Los Argonautas, por su parte, dieron vida a un perro autómata para salvaguardar su nave. Un perro dorado similar fue situado por Rea para proteger al bebé Zeus y su nodriza, la cabra Amaltea, en la isla de Creta. Posteriormente, se especuló que Tántalo robó el autómata mientras custodiaba el templo de Zeus, o persuadió a Pandáreo para que lo robara en su nombre. Textos subsiguientes intentaron modificar la concepción del autómata, sugiriendo que el perro dorado era, en realidad, Rea transformada de esa manera por Hefesto. Incluso en la tradición judía, el Golem, creado de arcilla por el rabino Löw, cobró vida mediante una inscripción mágica insertada en su boca, donde se podía leer el nombre de Yahvé.
Este abanico de mitos revela la diversidad de figuras y relatos que exploran la creación de seres artificiales en distintas culturas y épocas.
Los mitos y leyendas sobre estos «proto-robots» ofrecen una perspectiva intrigante sobre el nacimiento temprano de la Inteligencia Artificial, ya que estas creaciones míticas provocan preguntas esenciales, típicas del campo de la filosofía, sobre la naturaleza de la vida y las fronteras entre lo animado y lo inanimado, tales como «¿qué diferenciaba a esas doncellas doradas de los seres vivos, aparte del material con el que fueron hechas?, ¿es solo privilegio de los dioses el crear vida animada?, ¿un cuerpo en movimiento es realmente un ser vivo o debe tener algo más?, ¿las máquinas pueden superar al ser humano en destreza?, ¿por qué representamos a robots con atributos animalescos e incluso humanoides?, ¿somos robots?»

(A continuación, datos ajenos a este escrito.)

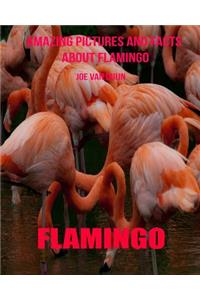 Flamingo: Amazing Pictures and Facts about Flamingo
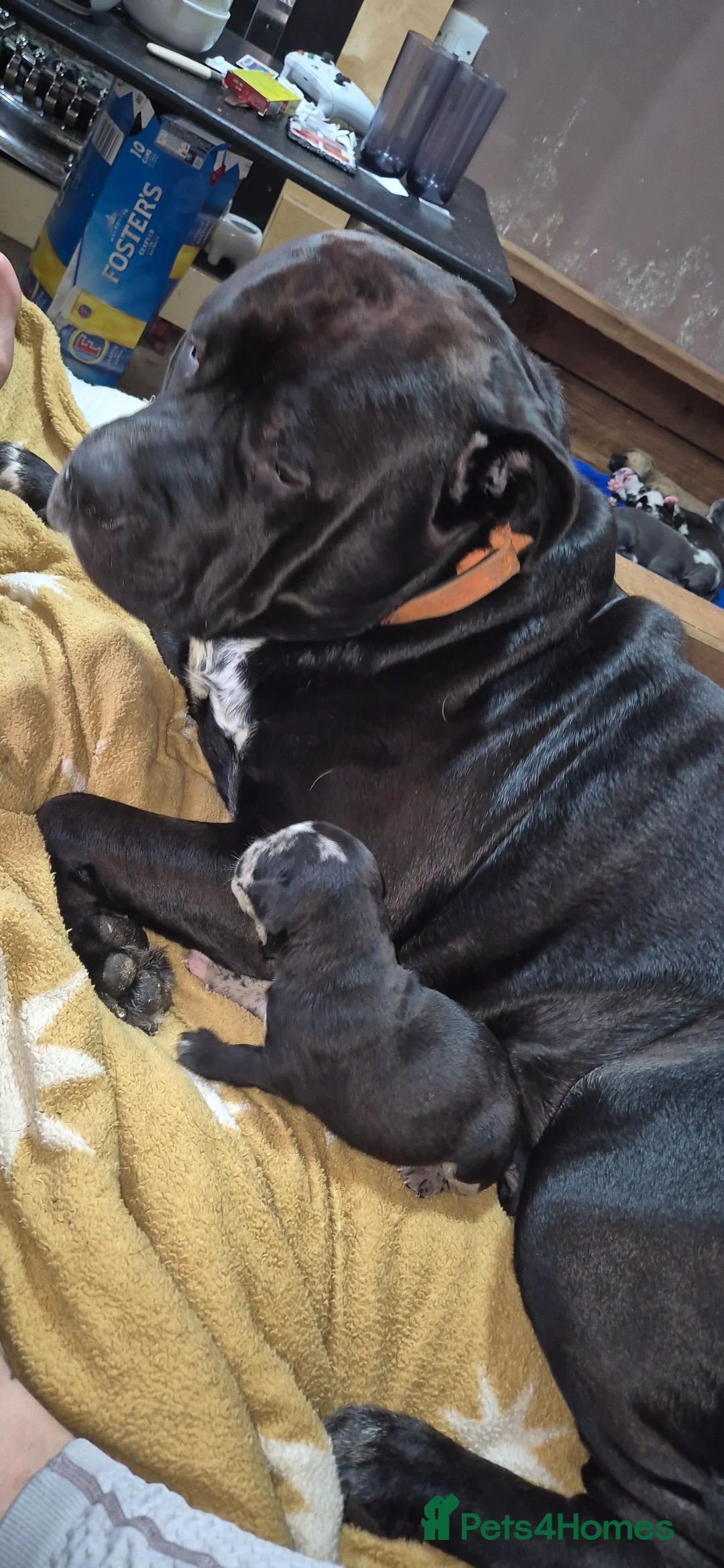 Mixed Breed dogs for sale: 10 beautiful cane corso cross bullmastiff puppies - Advert 14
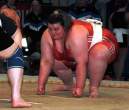 Sumo.jpg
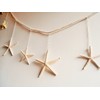 Hawaiian Decor Starfish 7P Ornament Starfish Garland Hawaiian Sundries Display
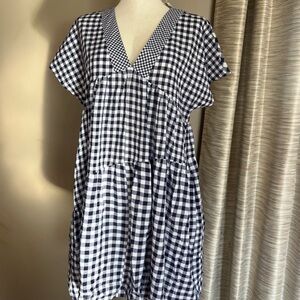 Anthropologie Navy and White Gingham Dress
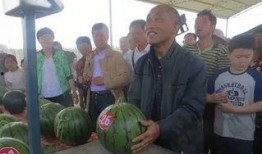 泗阳吃瓜群众,揭秘当地生活百态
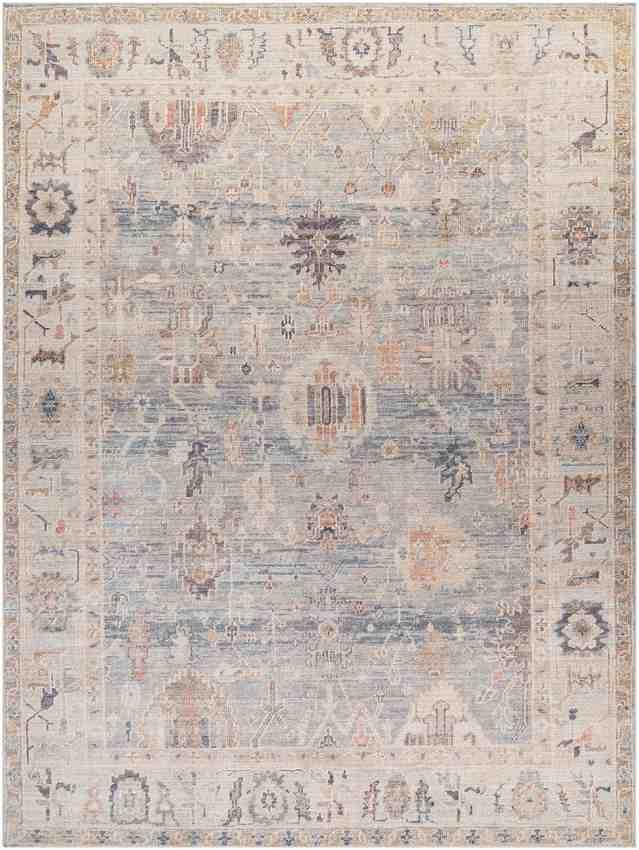 Erasmo Traditional Medium Gray/Pale Blue Area Rug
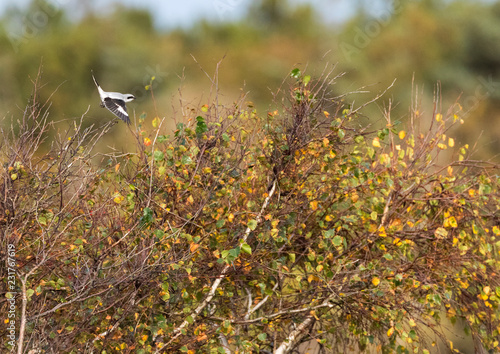 Great Grey Shrike (Lanius Excubitor) on Migration on a Dutch Waddenisland photo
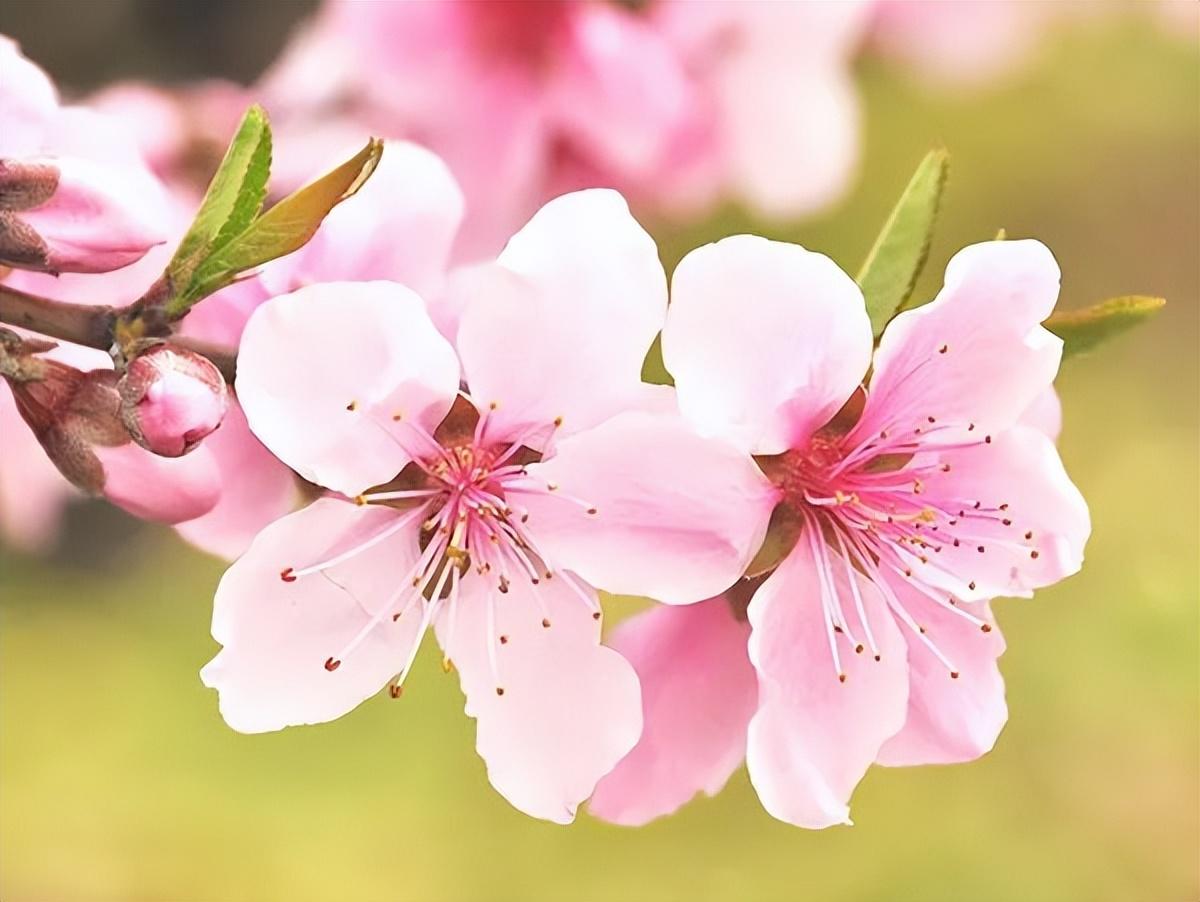 “人面桃花相映红”，这些春天吟的诗，中英文都太美了(图6)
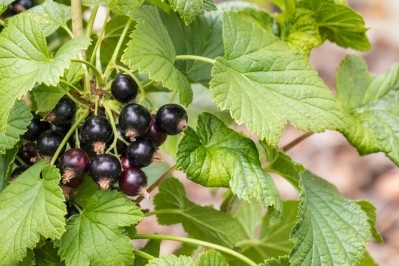 A photo showing a bunch of ripe blackcurrants. ©  Getty Images 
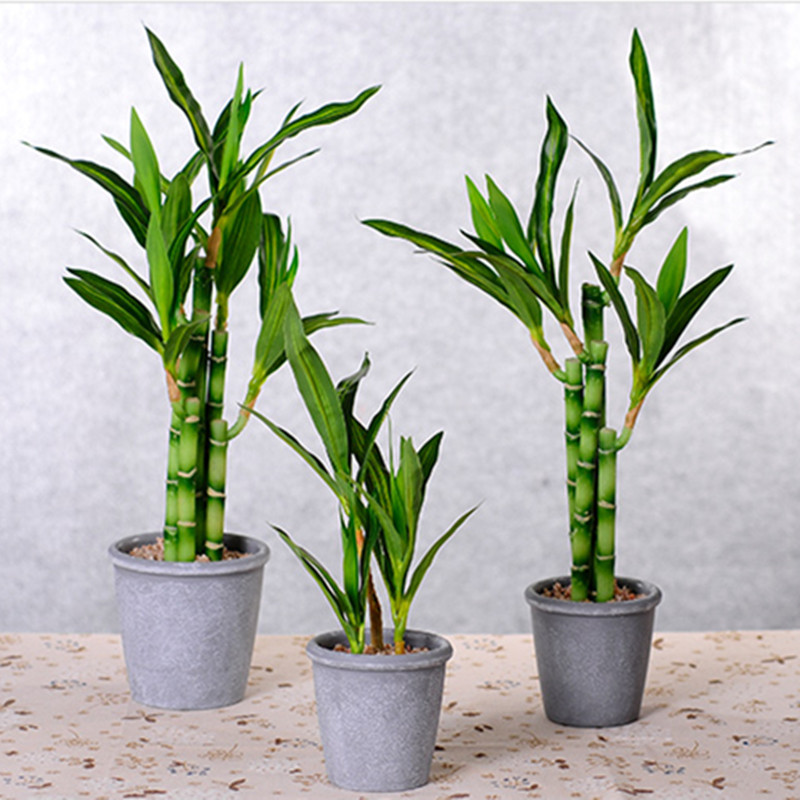 Nueva Planta Artificial de Bam - Aquarium Plant Nursery reseña y precio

Estos interrogantes, formulados como reflexión desde el mundo contemporáneo sobre los relatos mitológicos de la Antigüedad, resuenan en nuestro tiempo y encuentran eco en la fascinación moderna por la robótica y la vida artificial.
La idea de los autómatas no se desvaneció en los límites temporales del mundo antiguo; sino que han permeado diversas manifestaciones culturales, incluyendo obras literarias, cinematográficas y académicas, tales como «Frankenstein» de Mary Shelley, «Eduardo Manostijeras» de Tim Burton o «Sueñan los androides con ovejas mecánicas» (libro en el que se basó la película «Blade Runner») de Philip K. Dick, reflejando la fascinación humana con la creación, en este caso, de vida artificial.
En el mundo antiguo, el concepto de autómatas, derivado de la palabra griega "αὐτόματος" (autómatos, literalmente "actuar por propia voluntad"), representaba una sorprendente semejanza con seres vivos. Estas maravillas mecánicas estaban diseñadas con la capacidad innata de imitar la vida, y su existencia iba más allá de simples máquinas, insinuando la posibilidad de una forma artificial dotada de cualidades humanas.
Esta palabra fue utilizada por primera vez por Homero en la «Ilíada» 5.749, para describir una puerta automática. También Homero describe a artilugios automáticos de trípodes con ruedas (Homero, «Ilíada» 18.376). Se ha registrado la existencia de otros autómatas en muñecos prehistóricos y también en leyendas del antiguo Egipto donde estatuas animadas de divinidades desempeñaban un papel clave en ceremonias religiosas.